Porting to Python 3 - The Book Site

Migration strategies

Making a new release of software that is backwards incompatible is a high risk strategy. When people need to rewrite their software, or maintain separate versions of their source code to support both versions of a language or a framework, the risk is that they never make the transition and stay on the old version forever, or worse, that they switch to another framework.

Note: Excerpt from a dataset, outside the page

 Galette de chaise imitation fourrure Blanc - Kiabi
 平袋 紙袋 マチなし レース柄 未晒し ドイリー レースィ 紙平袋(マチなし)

For that reason Python versions 2.6 and 2.7 include both several forward compatibility features to enable you to write code for both Python 2 and Python 3, as well as support for migrating in the form of 2to3, a program and package that can convert code from Python 2 to Python 3. There are other techniques and strategies you can use and there are also different ways to use 2to3. Which strategy to use depends very much on what type of software you are converting.

Only supporting Python 3

The easiest case is when you only need to support one version of Python at a time. In these cases you can just convert your code to Python 3 and forget about Python 2. With this strategy you will first use the 2to3 tool to make an automatic conversion of most of the changes and then fix every problem that remains manually in the Python 3 code. You will probably also want to go through all of the converted code and clean it up, as the 2to3 conversions may not always be the most elegant solution for your case.

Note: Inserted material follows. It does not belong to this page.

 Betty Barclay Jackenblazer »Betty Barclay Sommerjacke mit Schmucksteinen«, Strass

Separate branches for Python 2 and Python 3

If you need to continue to support Python 2, the simplest case is having a branch in your source tree with the code for Python 2 and another branch for Python 3. You will then have to make every change on the two different branches, which is a bit more work, but feasible if the code doesn’t change that often.

One problem with this strategy is that your distribution becomes complex, because you now have two distributions and you need to make sure that Python 3 users get the Python 3 version and Python 2 users get the Python 2 version of your package. Solutions for this are documented in Distributing packages.

Converting to Python 3 with 2to3

In complex cases you can support both Python 2 and Python 3 by maintaining the source code in a Python 2 version and converting it with 2to3 for Python 3 support. That means you will have to run 2to3 each time you have made a code change so you can test it under Python 3, but on the other hand 2to3 deals with many of the differences.

To do this you need a script that performs the 2to3 conversion, because doing all the steps manually quickly becomes really boring. Since you need to do the conversion every time you have changed something so you can run the tests under Python 3, you want to run the conversion only on the files that have been modified as the conversion can be rather slow. That means that the conversion script should compare time stamps on the files to see which ones have been modified and convert only them, which means the script can not be a trivial shell script.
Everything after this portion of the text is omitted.